COLLECTED MATERIAL:
.....

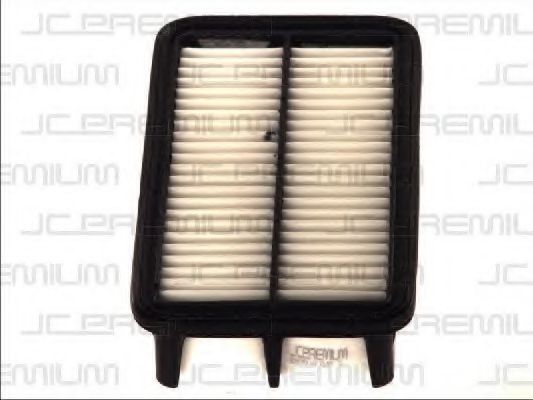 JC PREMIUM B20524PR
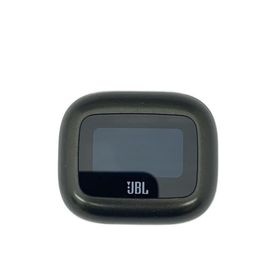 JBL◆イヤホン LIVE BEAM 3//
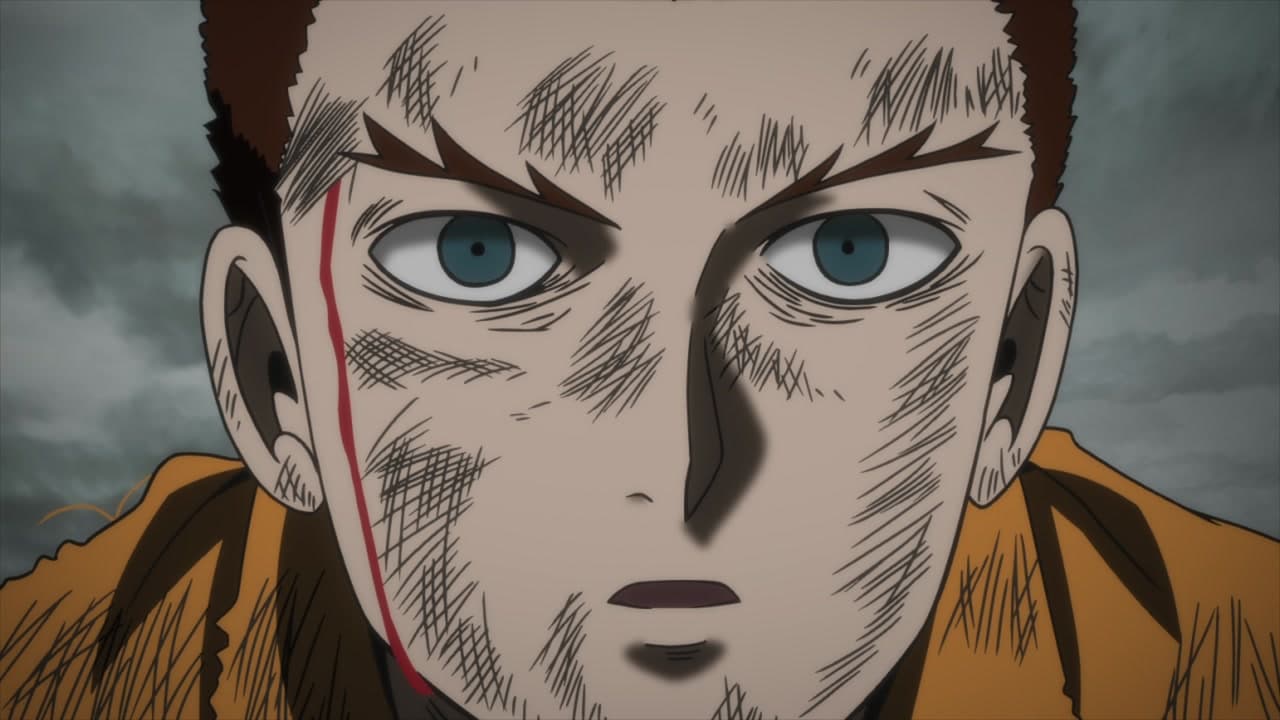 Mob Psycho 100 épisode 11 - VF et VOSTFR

.....

DESCRIPTION OF THE TASK: Please return the lines above exactly, with the pictures omitted.

REPLY TO THE EXERCISE:
 JC PREMIUM B20524PR
 JBL◆イヤホン LIVE BEAM 3//
 Mob Psycho 100 épisode 11 - VF et VOSTFR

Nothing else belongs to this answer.